-- SUPPLIED INFORMATION follows --
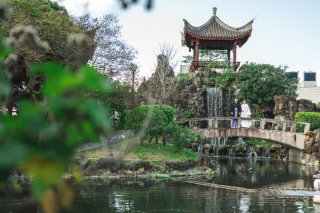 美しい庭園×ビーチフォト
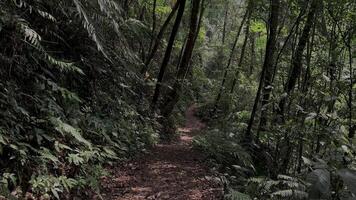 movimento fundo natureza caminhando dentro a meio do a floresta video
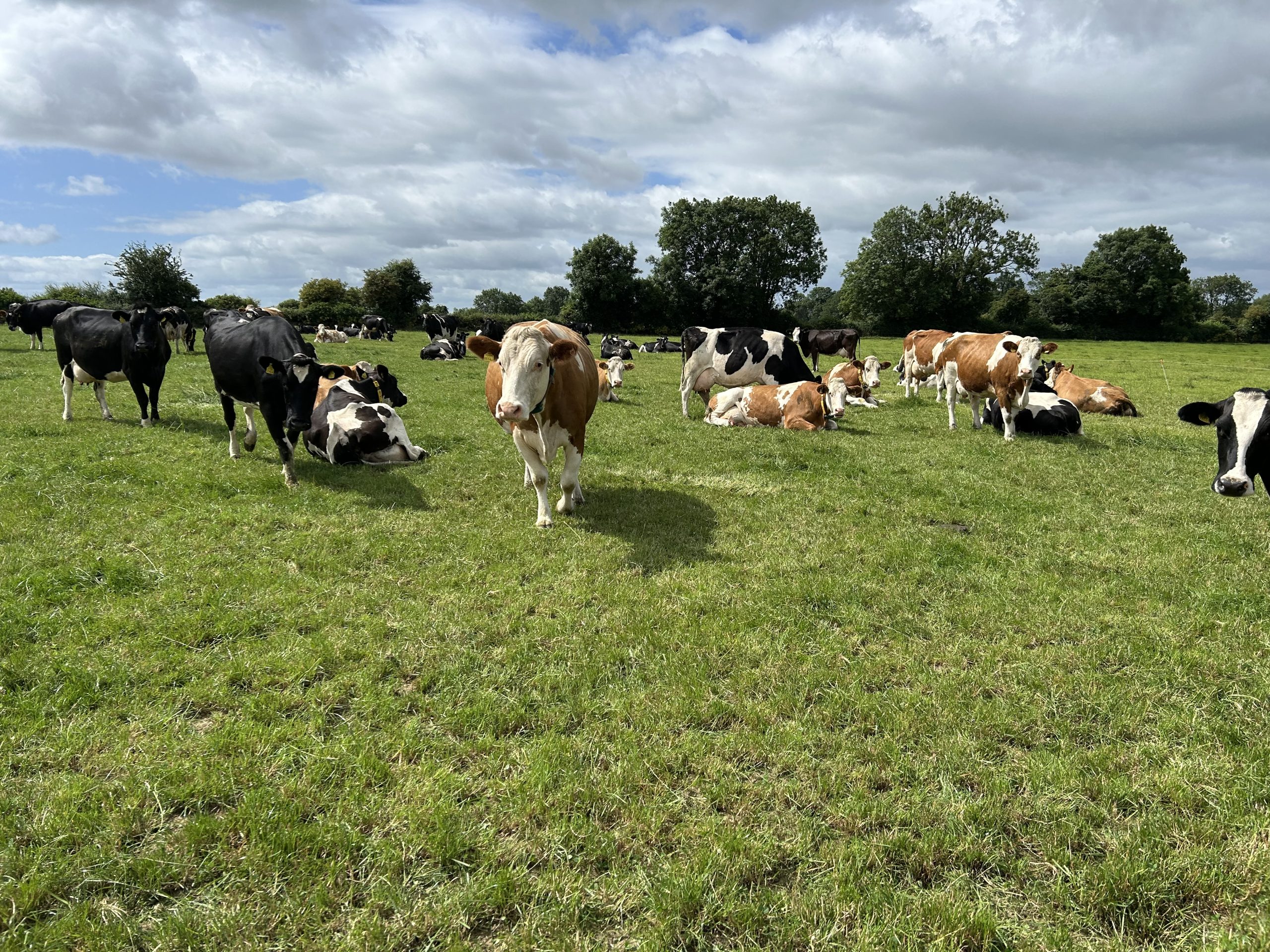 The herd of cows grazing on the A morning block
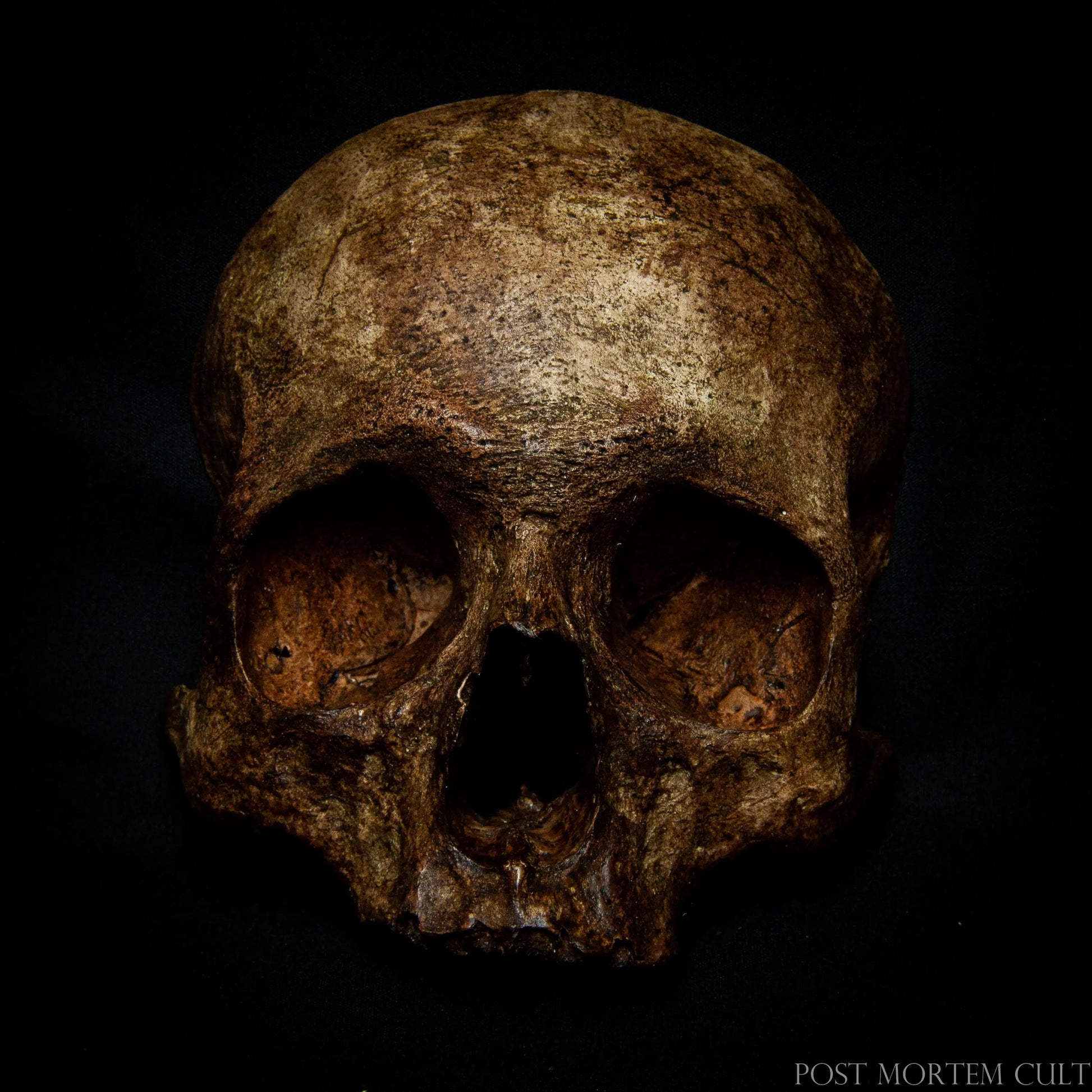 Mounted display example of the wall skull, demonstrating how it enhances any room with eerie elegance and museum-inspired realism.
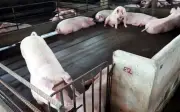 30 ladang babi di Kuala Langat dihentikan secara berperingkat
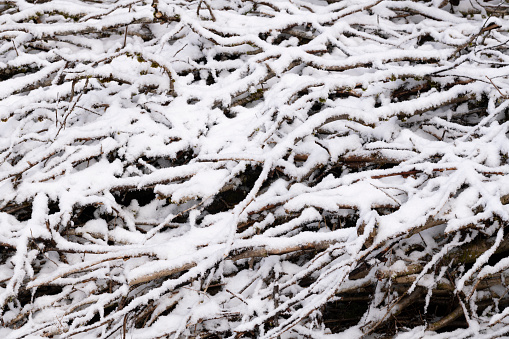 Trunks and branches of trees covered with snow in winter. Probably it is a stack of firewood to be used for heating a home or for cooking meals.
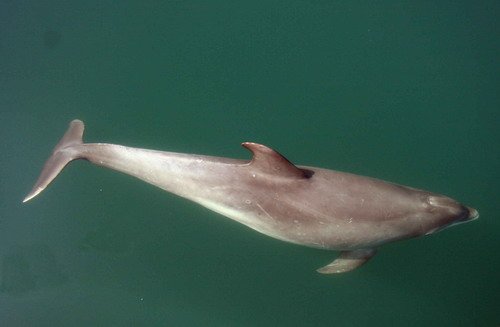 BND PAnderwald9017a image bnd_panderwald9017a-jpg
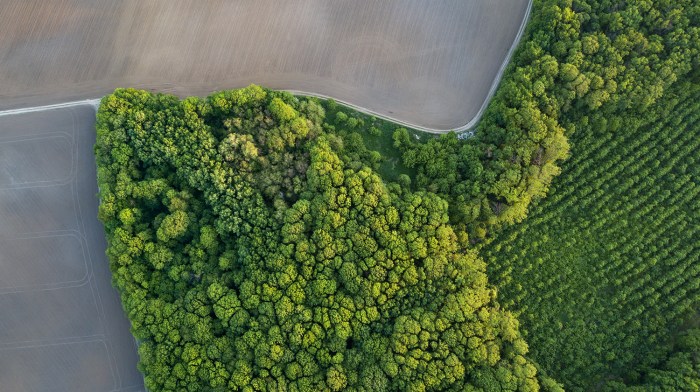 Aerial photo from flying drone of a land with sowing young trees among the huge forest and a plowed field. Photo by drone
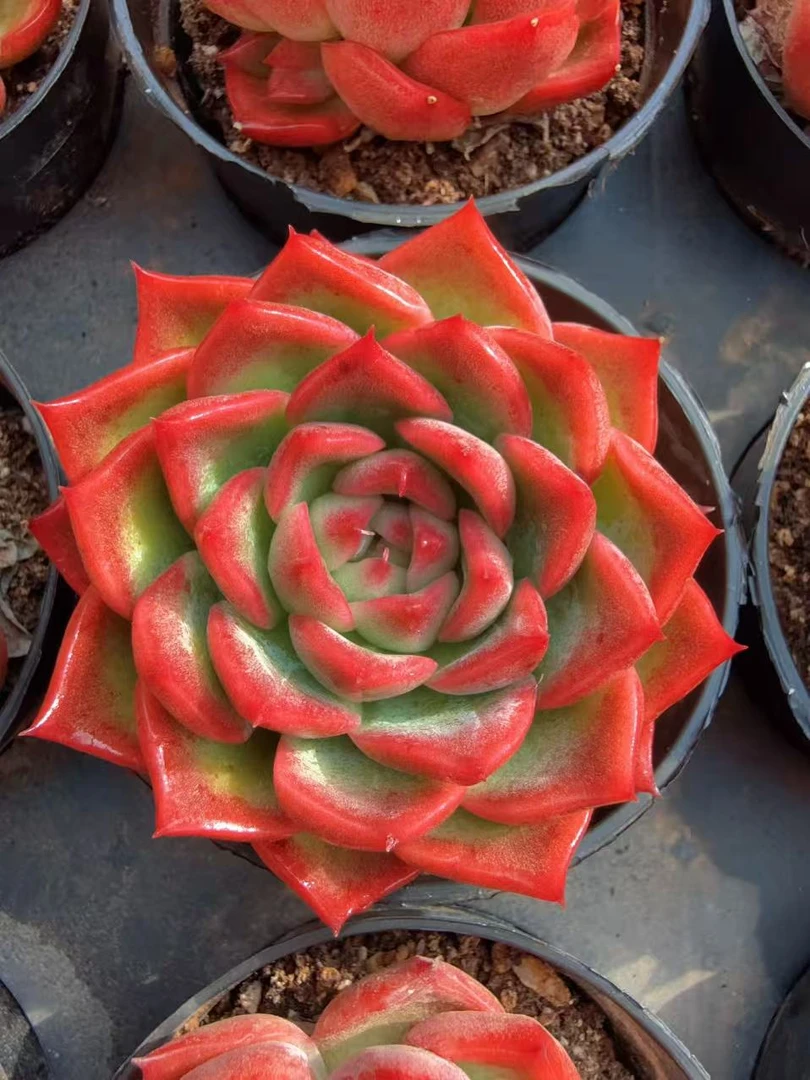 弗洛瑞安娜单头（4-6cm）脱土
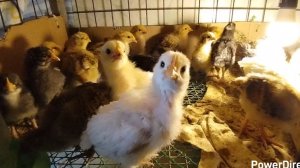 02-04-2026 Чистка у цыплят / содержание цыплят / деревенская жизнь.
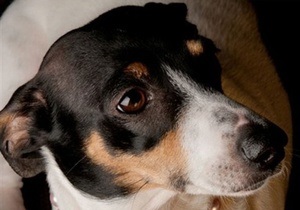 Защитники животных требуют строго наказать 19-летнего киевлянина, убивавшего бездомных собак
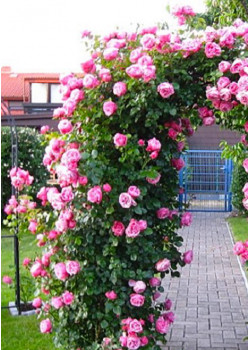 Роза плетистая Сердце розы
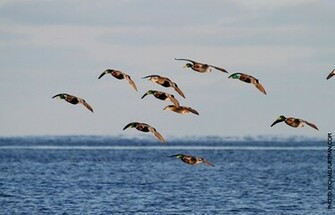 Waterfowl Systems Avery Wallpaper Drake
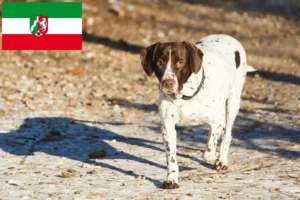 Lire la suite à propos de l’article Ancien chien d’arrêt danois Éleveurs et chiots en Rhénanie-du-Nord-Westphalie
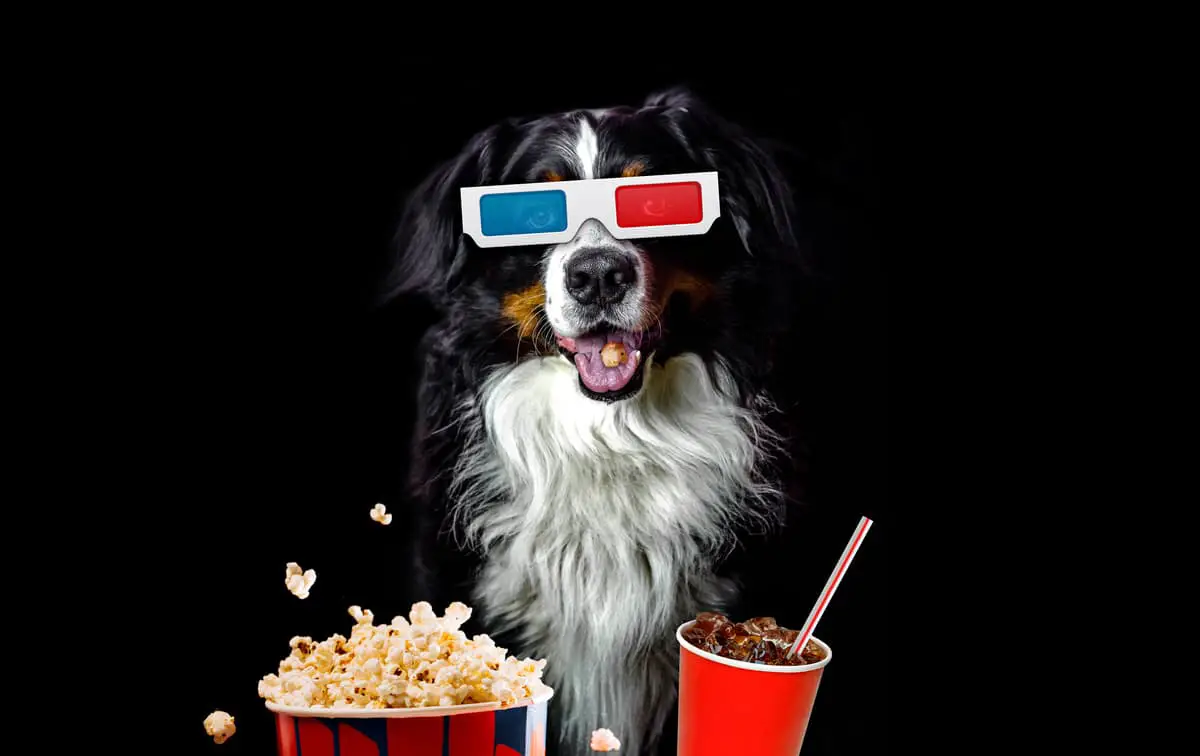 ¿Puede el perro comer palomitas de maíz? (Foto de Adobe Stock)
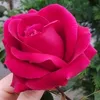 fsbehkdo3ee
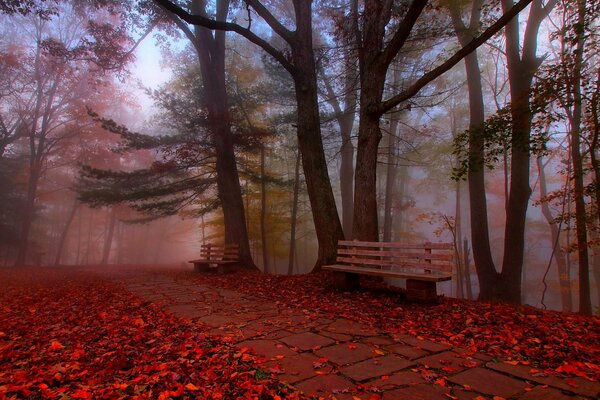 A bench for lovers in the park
-- SUPPLIED INFORMATION concluded --
ASSIGNMENT: After locating the line that holds "Защитники животных требуют", output exactly the lines from it through the last line of the material above, inclusive, without pictures.

RESPONSE AREA:
 Защитники животных требуют строго наказать 19-летнего киевлянина, убивавшего бездомных собак
 Роза плетистая Сердце розы
 Waterfowl Systems Avery Wallpaper Drake
 Lire la suite à propos de l’article Ancien chien d’arrêt danois Éleveurs et chiots en Rhénanie-du-Nord-Westphalie
 ¿Puede el perro comer palomitas de maíz? (Foto de Adobe Stock)
 fsbehkdo3ee
 A bench for lovers in the park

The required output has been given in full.